If you are a start-up in the construction or engineering sector, you may have come across an insurance product called delay insurance for start-ups – also known as DSU or Advanced Loss of Profits.
Because the risk of delays on large-scale projects can be high and costly – highlighted during the disruption of the pandemic – delay insurance ensures that startups are covered for lost revenue due to a project setback.
In a nutshell, the protection can cover the loss of revenue and interest costs due to the delayed work, as many companies will borrow capital to finance a project. It covers the period between the date the project is supposed to start and the date it finally starts.
This insurance is not taken out separately. This is usually done in combination with other insurance products, such as Construction All Risks (CAR) insurance or Erection All Risks insurance (EAR).
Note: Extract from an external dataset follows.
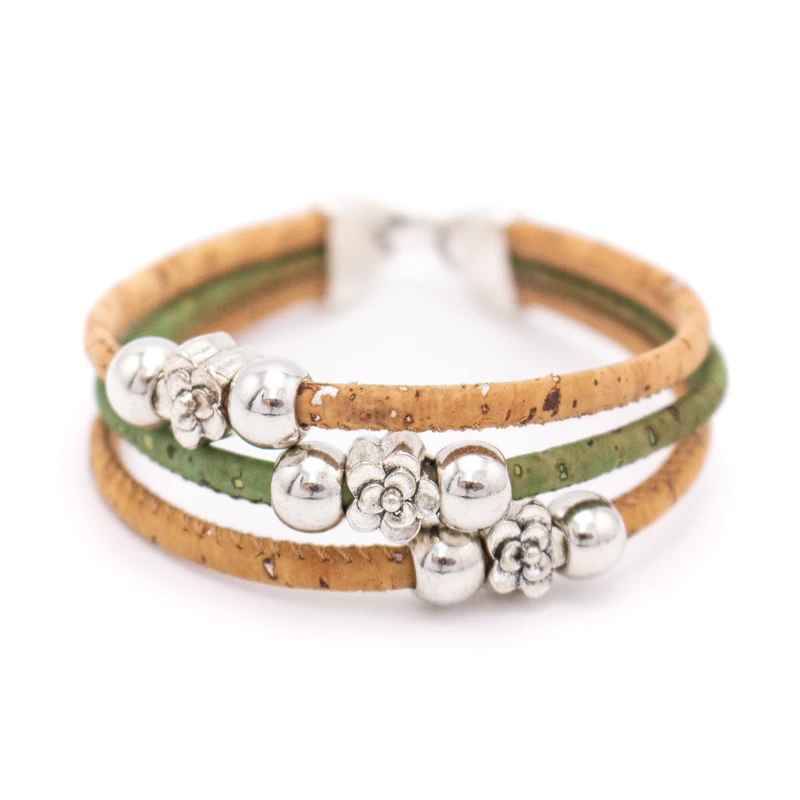 Natural and Colored Multi Strand Cork Bracelet - Available in 5 Colours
However, insurance does not cover every scenario that leads to delays. Cases covered by delay insurance include:
- This is a so-called ‘physical damage event’: a fire or flood has occurred, damaging the infrastructure and causing delays
- A reduction in the supply of public gas, water and electricity (as an additional payment)
Cases where delays are not covered by insurance include:
- Work strike resulting in a delayed project
- Poor project management
- Late arrival of equipment
In order to make a claim, the insurer must understand the reason for the delay and how much the damage event has cost a business.
It is important to note that when claiming DSU, you must specifically state everything that led to the delay, as contributing events that led to a delayed project can include covered and uninsured scenarios.
It is therefore important to speak to an insurer at the start of a project to ensure that risks specific to the project are considered and covered.